On se dirigea – le maître en tête – non vers la salle à manger, mais vers la cuisine. Il s’agissait de la confection d’un de ces plats fameux dont les descriptions font rêver les lecteurs des Impressions de voyage. Ce soir-là le grand amuseur voulait revivre quelques minutes de la vie qu’il avait menée en Orient, et s’était promis de faire manger du schislik à ses invités. Alors, retroussant ses manches et mettant à nu ses gros bras, il prit un filet de bœuf qu’il enfila à une baguette dans le sens de la longueur ; il le saupoudra convenablement de sel et de poivre, et, mettant l’extrémité de la baguette dans la main de Vasili, il s’arma du plus effilé de tous ses kandjars.

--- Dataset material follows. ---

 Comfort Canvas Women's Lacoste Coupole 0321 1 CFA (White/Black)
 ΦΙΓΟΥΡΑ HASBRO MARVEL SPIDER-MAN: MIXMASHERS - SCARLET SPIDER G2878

À mesure que la surface du filet rissolait, Dumas détachait de cette surface des morceaux de la grosseur d’une noix, et déposait ces rissoles de viande sur un lit de beurre frais et de persil haché. De temps à autre, il soulevait le couvercle d’une casserole pour veiller à la cuisson d’un chou pommé qu’il avait cuirassé d’énormes bandes de lard. Il avait distribué à ses invités groupés autour de lui, des cuillers à pot dont ils devaient se servir pour arroser continuellement le chou du jus qui découlait du schislik.
Et tout en surveillant cette délicate besogne, il parlait avec entrain et volubilité, n’attendant même pas la réplique – qu’on évitait d’ailleurs de lui donner.
Un mot jeté au hasard amenait une conférence ; l’événement le plus banal prenait en passant par ses lèvres tout l’intérêt d’un roman ; il vous attendrissait sur la mort de ses poules et savait rendre son perroquet aussi intéressant qu’un héros de légende. Il avait tout vu, tout lu, tout retenu et brodait sur tout avec l’esprit que l’on sait.
D’ailleurs le schislik était immangeable et le chou à la géorgienne n’était pas cuit : lui seul ne s’en aperçut pas, il mangeait, buvait, riait, causait comme s’il n’eût fait qu’une seule de ces choses à la fois. Près de lui, sur la table, était un marabout rempli d’eau bouillante dans lequel il préparait lui-même le café qu’il avait auparavant pilé dans un mortier.
Et bien avant dans la nuit, pendant que ses convives fumaient et causaient, Dumas avait regagné sa table de travail et écrivait deux feuilletons qui devaient, le lendemain, remplir las colonnes du Mousquetaire, dont les autres rédacteurs, à en croire Michel, le garçon de caisse, ne rédactaient rien du tout.